## Source data
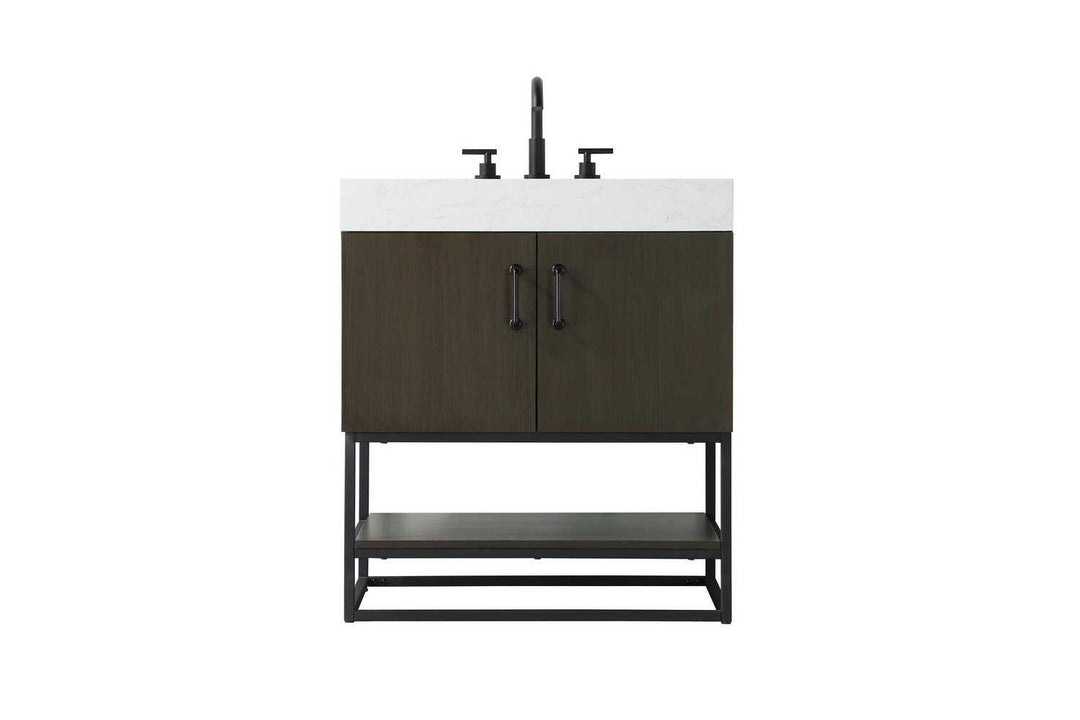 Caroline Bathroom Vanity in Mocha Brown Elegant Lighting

==

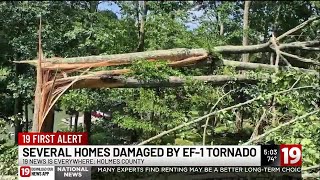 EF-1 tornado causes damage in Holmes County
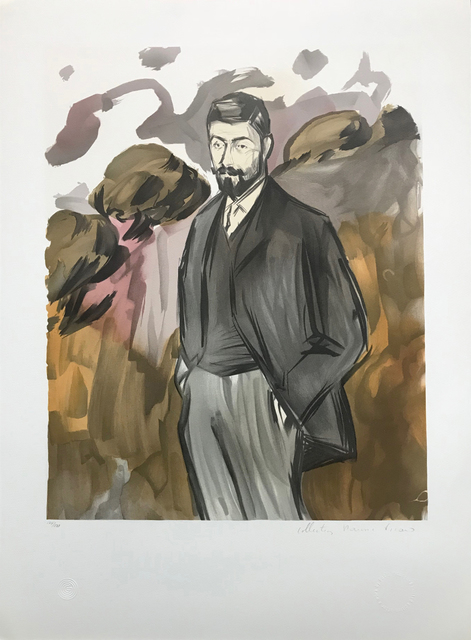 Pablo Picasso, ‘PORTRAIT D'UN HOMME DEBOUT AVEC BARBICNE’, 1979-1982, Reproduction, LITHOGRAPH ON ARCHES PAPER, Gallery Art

## Description of the task
Quote word for word only the lines above from the one containing "EF-1 tornado causes damage in Holmes County" through the one containing "Pablo Picasso, ‘PORTRAIT". Pictures stay out of your copy.

## Output for this exercise
 EF-1 tornado causes damage in Holmes County
 Pablo Picasso, ‘PORTRAIT D'UN HOMME DEBOUT AVEC BARBICNE’, 1979-1982, Reproduction, LITHOGRAPH ON ARCHES PAPER, Gallery Art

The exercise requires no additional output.